Dataset records:
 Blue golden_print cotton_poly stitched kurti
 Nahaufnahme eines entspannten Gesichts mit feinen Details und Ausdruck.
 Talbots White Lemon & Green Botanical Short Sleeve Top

---

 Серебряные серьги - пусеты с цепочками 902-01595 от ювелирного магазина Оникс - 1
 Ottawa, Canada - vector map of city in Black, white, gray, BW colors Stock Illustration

Exercise requirements: Retype the records above, but only those lines that fall between the line containing "Blue golden_print cotton_poly stitched kurti" and the line containing "Talbots White Lemon", with both of those lines included, exactly as written.

Response:
 Blue golden_print cotton_poly stitched kurti
 Nahaufnahme eines entspannten Gesichts mit feinen Details und Ausdruck.
 Talbots White Lemon & Green Botanical Short Sleeve Top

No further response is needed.